(AD)
Você
já viu que riqueza é um "velho"? Velho é um livro que fala. Isso, meu
avô materno era isso: um livro que falava. Ele era cheio de contos.
Esse
velho sempre foi um menino, mas poderia notavelmente ser identificado
como passarinho, e podia voar perfeitamente com a única asa que possuiá,
já que a outra uma granada levou. Que beleza carregava aquele homem e
vice-versa.
Dia
feliz era o do passear com ele, íamos a pé, porque os cavalos não
estavam na "moda" mais nas cidades, mesmo na minha, interiorana de
poucos habitantes, além do mais não havia necessidade de carro.
Havia
um tempinho tinham deixado os cavalos em paz, coisa essa que agradava
muito meu avô por ser assim tão livre e enxergar liberdade em todas as
criaturas de Deus.

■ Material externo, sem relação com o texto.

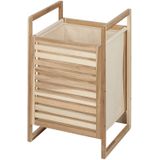Wenko - Wäschekorb aus Holz mit Stoffsack acina, 56 l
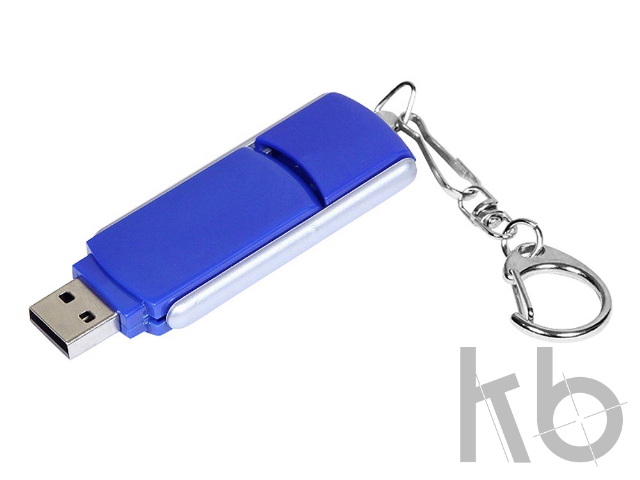 USB 2.0- флешка промо на 16 Гб с прямоугольной формы с выдвижным механизмом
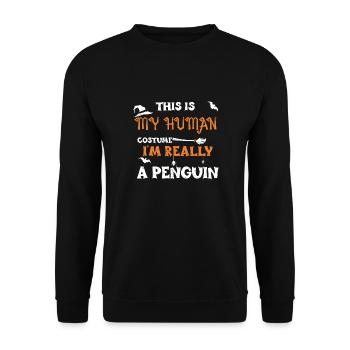This Is My Human Costume I'm Rea... - Unisex Pullover - Schwarz - Vorne - Alina (178cm) & Michal (187cm)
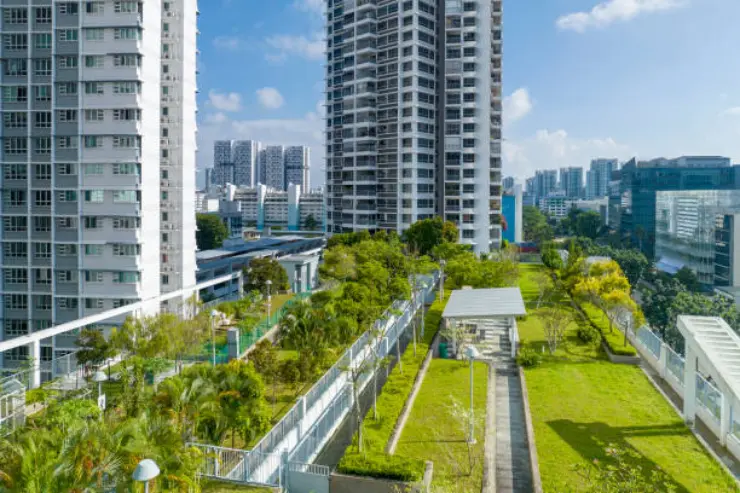 Green roofs installed on commercial buildings.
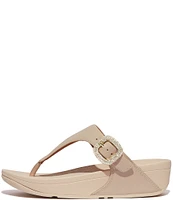 FitFlop Lulu Crystal-Buckle Leather Toe-Post Sandals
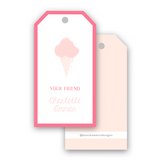 Pink Ice Cream Cone Gift Tag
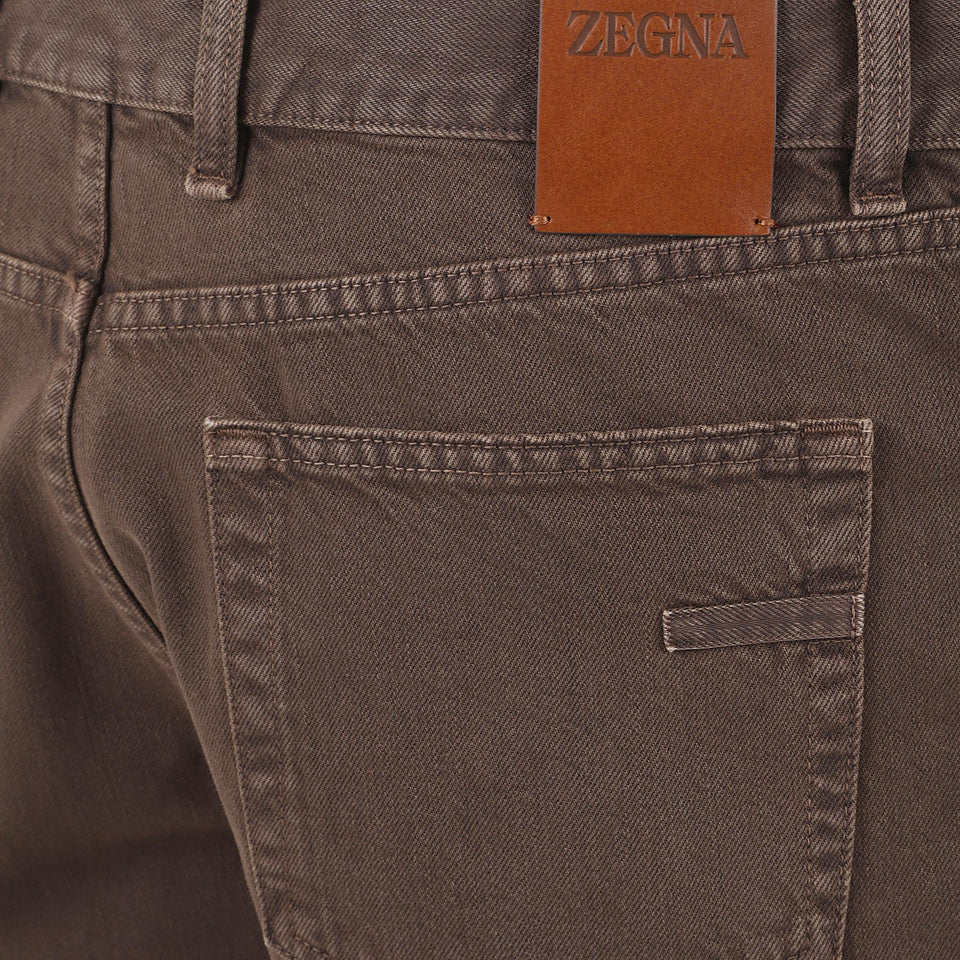 Jeans in denim marrone RUGIB9A2 CITYM06-003 ZEGNA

Tão simples, tão da terra, tão precioso! Meu avô
tinha cheiro de café - plantado pelas suas próprias mãos de homem
trabalhador. Trabalh-a-dor. Sim, ele fazia isso com uma sabedoria de
grego.
Hoje
eu sei, não reparava quando criança, que meu avô sabia dar flor em
troca dos espinhos. Inacreditável existir gente assim, ainda mais pra
quem acostumou com a velocidade e o individualismo das cidades grandes.

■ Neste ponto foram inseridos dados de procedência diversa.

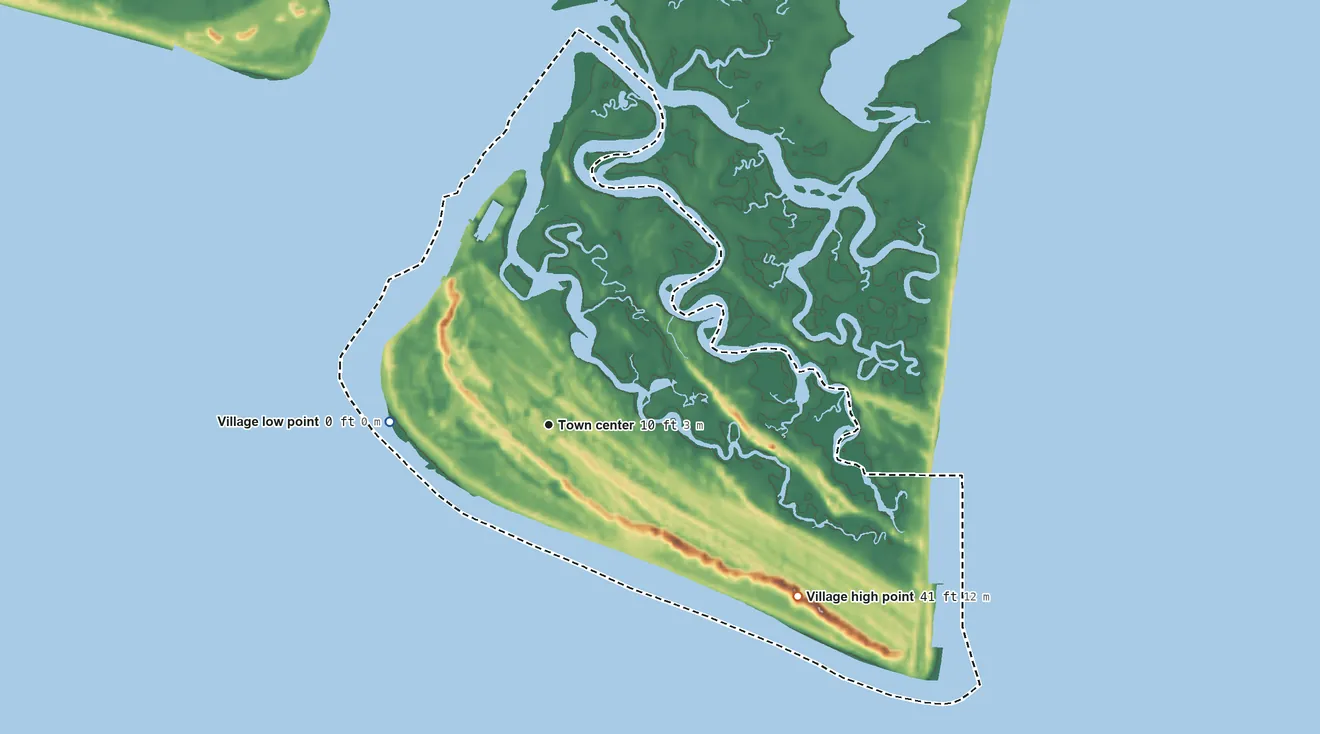 Topographic elevation map of Bald Head Island, North Carolina, shaded from sea level level on the Atlantic Ocean to 41 ft on the southeast side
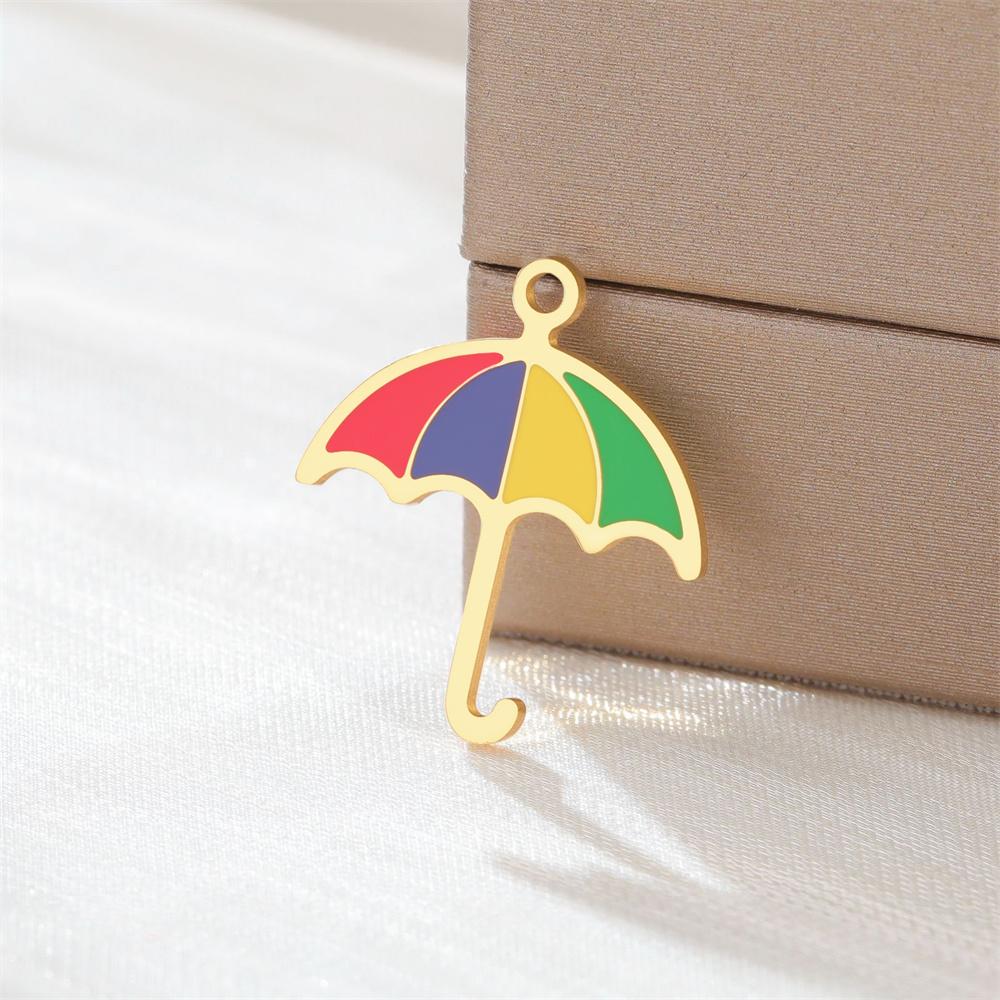 5 Pcs Colorful Umbrella Charms Enamel Stainless Steel Pendants for Necklace Bracelets Charm DIY Jewelry Making Gifts Handmade
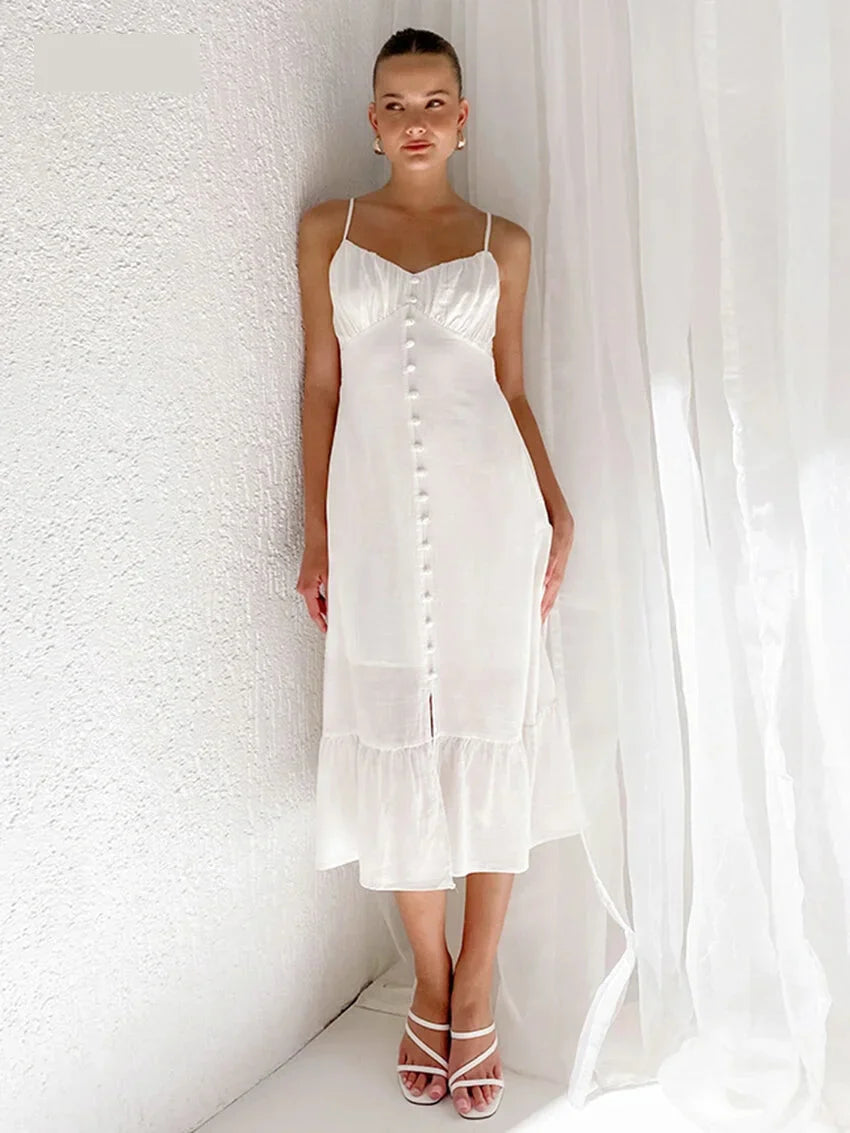 Cami Dresses- Women Mid-length Tiered Dress Ruffled Hem in Cotton- White- IndioGear.com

Mas ele existiu e marcou minha vida.
Lembro
que antigamente na minha cidade ás vezes faltava luz. Era um terror pra
mim e meus primos porque de costume as tias matracas inventavam
monstros da escuridão. então, ele juntava nós todos e contava histórias.

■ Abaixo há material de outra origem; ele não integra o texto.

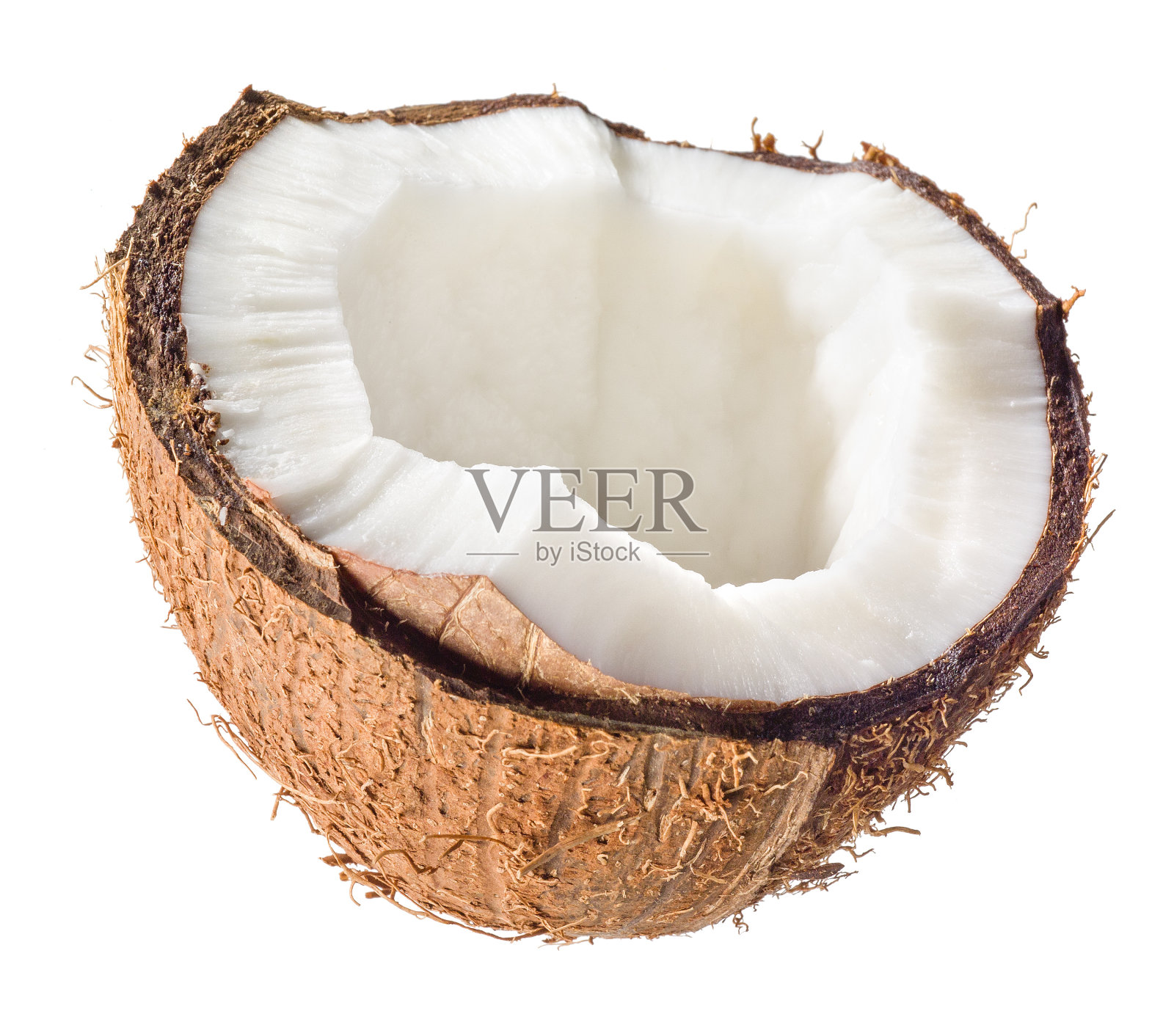 白色背景上的一半椰子特写照片摄影图片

Não eram histórias de bicho papão, mas de heróis, aqueles que
despertavam em nós personagens que poderíamos ser, e a vida ficava tão
cheia de vontade de viver. De repente o escuro passava e eu podia
perceber que uma luz me iluminava no céu. Ele me trazia luas.
Emily
Dickinson disse uma vez que "para fazer uma campina é preciso um trevo e
uma abelha. Um trevo, uma abelha e fantasia, mas faltando abelhas,
basta a fantasia" Era assim que aqueles olhos chumbados da liga metálica
que lhe explodiu nas mãos viam o mundo. Nunca vi o olhar dele ficar
cinza, nem a esperança virou fumaça. Nunca exigiu retalhações do
governo, nem fazia do braço que não tinha uma bandeira vitimada. Fazia
do seu terror uma história de ninar.
Hoje
sinto falta das suas visitas que corriam para me ver crescer. Hoje
sinto falta da lua que ele acendia quando o meu céu escurecia.
Foi
embora como o pássaro que era, suave, sem estardalhaços, cantando,
deixando paz, digno de toda doçura que deixou de semente para os netos.
E
sai das falas risonhas para ser transformado em livro, em história de
ninar para outros ouvidos pequenos, e pode ser sentido o seu abraço de
um braço só, de um amor que pode suportar bombas e florescer rosas.